- _REQUIRED WORK_: Every line from the one with "冬天牛仔闊腿褲配什么鞋子？冬天牛仔闊腿褲搭配鞋子圖" to the one with "Used 2022 Porsche Macan image 34", including those two, is to be copied exactly; all other lines of the entries below are left out.
---------- MATERIAL TO PROCESS
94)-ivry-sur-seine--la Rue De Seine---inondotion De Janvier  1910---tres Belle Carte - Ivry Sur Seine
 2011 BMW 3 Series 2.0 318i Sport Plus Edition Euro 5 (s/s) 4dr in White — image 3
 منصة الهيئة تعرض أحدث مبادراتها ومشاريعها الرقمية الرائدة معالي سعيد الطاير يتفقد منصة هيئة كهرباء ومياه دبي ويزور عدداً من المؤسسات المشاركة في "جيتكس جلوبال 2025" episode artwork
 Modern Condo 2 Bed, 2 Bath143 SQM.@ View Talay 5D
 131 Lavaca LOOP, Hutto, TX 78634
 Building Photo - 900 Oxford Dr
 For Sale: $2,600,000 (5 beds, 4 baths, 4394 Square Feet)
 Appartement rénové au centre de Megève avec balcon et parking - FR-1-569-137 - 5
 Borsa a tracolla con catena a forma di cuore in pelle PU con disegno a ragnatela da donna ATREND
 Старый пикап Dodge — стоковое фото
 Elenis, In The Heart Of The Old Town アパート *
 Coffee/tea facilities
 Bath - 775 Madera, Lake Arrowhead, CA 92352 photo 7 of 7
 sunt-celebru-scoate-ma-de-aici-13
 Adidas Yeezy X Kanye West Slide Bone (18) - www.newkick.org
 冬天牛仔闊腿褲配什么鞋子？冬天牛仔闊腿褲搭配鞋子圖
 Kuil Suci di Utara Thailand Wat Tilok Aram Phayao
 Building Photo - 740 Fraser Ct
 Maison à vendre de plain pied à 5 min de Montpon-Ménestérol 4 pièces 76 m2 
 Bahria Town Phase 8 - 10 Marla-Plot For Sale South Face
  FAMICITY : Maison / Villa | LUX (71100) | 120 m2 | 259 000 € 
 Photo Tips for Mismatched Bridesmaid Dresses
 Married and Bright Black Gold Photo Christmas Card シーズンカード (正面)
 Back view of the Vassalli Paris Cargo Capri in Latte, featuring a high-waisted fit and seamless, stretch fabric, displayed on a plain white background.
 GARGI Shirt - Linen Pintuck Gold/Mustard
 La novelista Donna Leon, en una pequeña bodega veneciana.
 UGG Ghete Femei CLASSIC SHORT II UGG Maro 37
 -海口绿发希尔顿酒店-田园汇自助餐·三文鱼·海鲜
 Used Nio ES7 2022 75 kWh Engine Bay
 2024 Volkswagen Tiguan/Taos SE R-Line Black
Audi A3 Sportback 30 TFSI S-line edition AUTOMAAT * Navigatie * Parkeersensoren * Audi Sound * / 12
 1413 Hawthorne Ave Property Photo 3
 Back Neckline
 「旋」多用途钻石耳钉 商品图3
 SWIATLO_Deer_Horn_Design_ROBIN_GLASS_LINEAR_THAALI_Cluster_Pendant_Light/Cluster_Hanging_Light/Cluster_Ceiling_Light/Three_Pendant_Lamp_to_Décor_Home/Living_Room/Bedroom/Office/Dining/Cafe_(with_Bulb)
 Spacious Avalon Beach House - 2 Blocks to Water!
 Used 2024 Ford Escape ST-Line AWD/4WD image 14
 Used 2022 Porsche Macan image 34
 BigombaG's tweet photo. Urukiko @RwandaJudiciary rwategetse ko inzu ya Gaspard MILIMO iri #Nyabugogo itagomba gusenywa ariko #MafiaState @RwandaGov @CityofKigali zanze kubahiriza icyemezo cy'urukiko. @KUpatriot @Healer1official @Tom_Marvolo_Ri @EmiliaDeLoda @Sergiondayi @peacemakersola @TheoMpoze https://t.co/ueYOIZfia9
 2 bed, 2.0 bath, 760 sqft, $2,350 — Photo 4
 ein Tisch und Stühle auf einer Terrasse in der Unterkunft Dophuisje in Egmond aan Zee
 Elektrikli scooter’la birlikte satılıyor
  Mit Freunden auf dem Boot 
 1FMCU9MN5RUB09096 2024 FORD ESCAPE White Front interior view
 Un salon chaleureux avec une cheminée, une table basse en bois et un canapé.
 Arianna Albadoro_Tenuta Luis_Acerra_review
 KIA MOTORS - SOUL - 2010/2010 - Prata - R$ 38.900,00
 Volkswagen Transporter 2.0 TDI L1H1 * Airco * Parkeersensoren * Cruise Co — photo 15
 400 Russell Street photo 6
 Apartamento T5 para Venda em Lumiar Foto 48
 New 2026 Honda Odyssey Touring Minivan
--------------------
- _SOLUTION TO THIS TASK_:
 冬天牛仔闊腿褲配什么鞋子？冬天牛仔闊腿褲搭配鞋子圖
 Kuil Suci di Utara Thailand Wat Tilok Aram Phayao
 Building Photo - 740 Fraser Ct
 Maison à vendre de plain pied à 5 min de Montpon-Ménestérol 4 pièces 76 m2 
 Bahria Town Phase 8 - 10 Marla-Plot For Sale South Face
  FAMICITY : Maison / Villa | LUX (71100) | 120 m2 | 259 000 € 
 Photo Tips for Mismatched Bridesmaid Dresses
 Married and Bright Black Gold Photo Christmas Card シーズンカード (正面)
 Back view of the Vassalli Paris Cargo Capri in Latte, featuring a high-waisted fit and seamless, stretch fabric, displayed on a plain white background.
 GARGI Shirt - Linen Pintuck Gold/Mustard
 La novelista Donna Leon, en una pequeña bodega veneciana.
 UGG Ghete Femei CLASSIC SHORT II UGG Maro 37
 -海口绿发希尔顿酒店-田园汇自助餐·三文鱼·海鲜
 Used Nio ES7 2022 75 kWh Engine Bay
 2024 Volkswagen Tiguan/Taos SE R-Line Black
Audi A3 Sportback 30 TFSI S-line edition AUTOMAAT * Navigatie * Parkeersensoren * Audi Sound * / 12
 1413 Hawthorne Ave Property Photo 3
 Back Neckline
 「旋」多用途钻石耳钉 商品图3
 SWIATLO_Deer_Horn_Design_ROBIN_GLASS_LINEAR_THAALI_Cluster_Pendant_Light/Cluster_Hanging_Light/Cluster_Ceiling_Light/Three_Pendant_Lamp_to_Décor_Home/Living_Room/Bedroom/Office/Dining/Cafe_(with_Bulb)
 Spacious Avalon Beach House - 2 Blocks to Water!
 Used 2024 Ford Escape ST-Line AWD/4WD image 14
 Used 2022 Porsche Macan image 34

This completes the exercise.